We’re likely to see new technology designed to help make that transition back to the office seamless, and technology like voice-activated meeting room controls and other artificial intelligence assistants could become commonplace in the office.
Already, providers like Microsoft, Zoom, Google, Logitech and Poly are making virtual assistants a larger part of the conference room, with functionality largely relegated to starting and joining meetings and other simple meeting room controls for Microsoft Teams, Google Meet and Zoom calls.
However, advancements in artificial intelligence, natural language processing and machine learning could present new opportunities to AV integrators to add new layers of technology to their meeting room offerings and make the user experience even more seamless.
Improving the user experience
Poly recently introduced Alexa for Business for Poly Zoom Rooms solutions, which allows users to ask Amazon’s virtual assistant to join meetings and book rooms with Alexa built directly into the Zoom Management Portal.
“What we see is a big play towards medium and large rooms as we try and meet safely together and still spatial distance in the early days,” says Beau Wilder, vice president and general manager of video collaboration at Poly. “We see the voice-driven experience as the killer app.”
Simply put, a larger use of virtual assistants in the office – and thus the conference room – can help eliminate friction points and turn what might take five minutes into five seconds.
“That’s real value to a customer,” Wilder says.
There is especially value to end users who continue to struggle with setting up videoconference meetings, says Igor Jablokov, an artificial intelligence expert who helped develop the technology that led to Amazon’s Alexa and CEO of Pryon, an augmented AI company designed to quickly answer questions in an enterprise setting.
“We’ve all had issues trying to get something to work in a workplace,” Jablokov says. “That stuff is still ripe for disruption.”
With remote work lingering, our work and home lives remain intertwined, which means we’re interacting with the consumer versions of Alexa and Google Assistant and wondering why that same functionality hasn’t gone with us to the office.
Further, there’s a whole generation of young professionals that essentially consider Alexa, Siri, Google Assistant or other AIs part of the family.
“I think there’s going to be a new generation of enterprise software that’s going to be purpose-built for these folks that are going to be taking over business,” Jablokov says.
Beyond simple meeting room controls
Beyond simple meeting controls, virtual assistants could be used during the conference room to automate other tasks, like sharing the Wi-Fi password, closing the blinds and booking other conference rooms.
And, when enterprise AI assistants evolve beyond those controls, they can be queried during videoconference calls to call up important data on quarterly sales figures and other historical financial data for the customer, Jablokov says.

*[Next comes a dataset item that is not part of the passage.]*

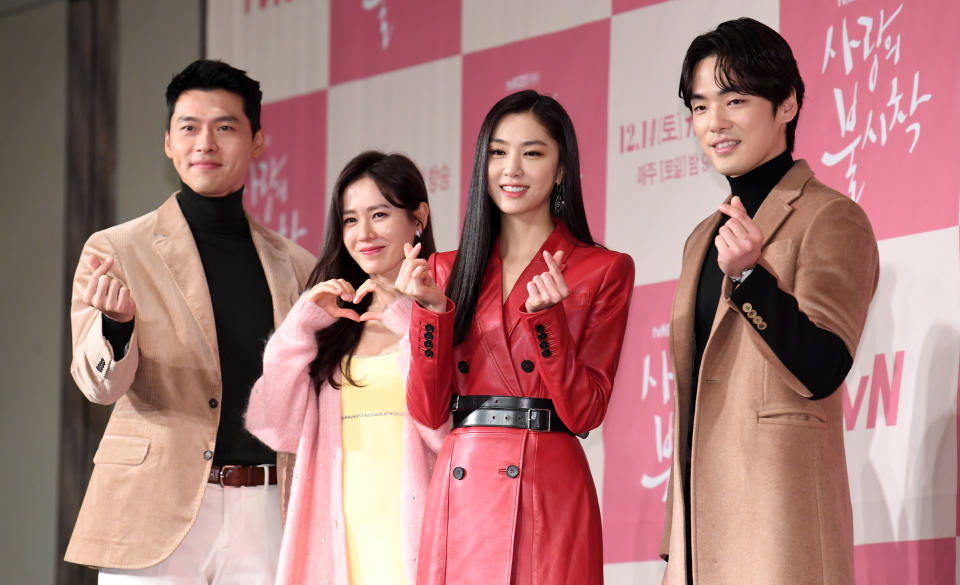 SEOUL, SOUTH KOREA - DECEMBER 09: Actor Hyun-Bin, actress Son Ye-Jin, Seo Ji-Hye, and actor Kim Jung-Hyun during a press conference of tvN drama 'Crashing Landing On You' at Four Seasons Hotel on December 09, 2019 in Seoul, South Korea. (Photo by THE FACT/Imazins via Getty Images)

For example, a regional manager of an ice cream chain could feasibly be able to query an AI to ask about how many ice cream cones were sold during a 73 degree day and get an answer immediately, which will help cut down on meeting time and enhance the user experience.

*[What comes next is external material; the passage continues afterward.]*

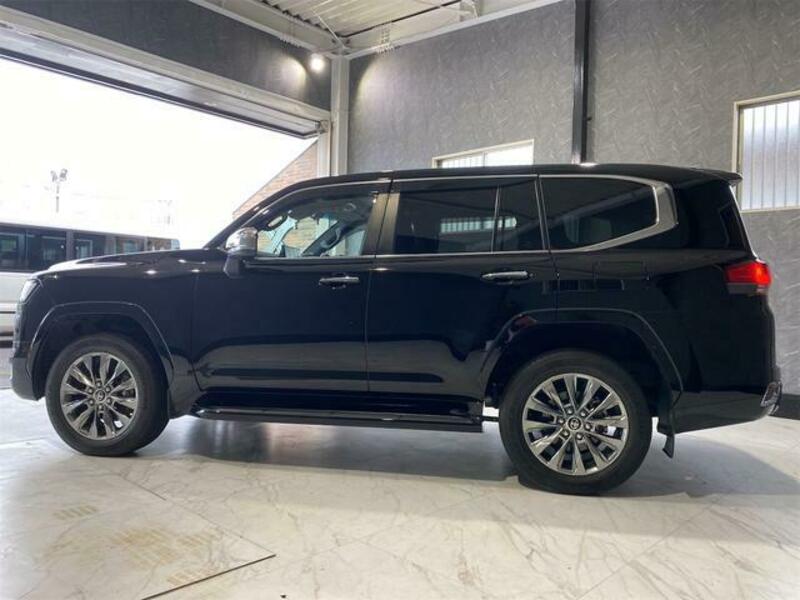 LAND CRUISER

“That’s what’s going to happen,” Jablokov says.
Microsoft also has plans to make its virtual assistant Cortana a larger part of the Office 365 experience, including Microsoft Teams.
Now, the company is developing new abilities and integrations for Cortana that include dictating meetings and action items, sending messages, sharing files and more.
“We have started to get some of these functionalities off the ground and are continuing to explore and innovate to add even more,” a Microsoft spokesperson said via email.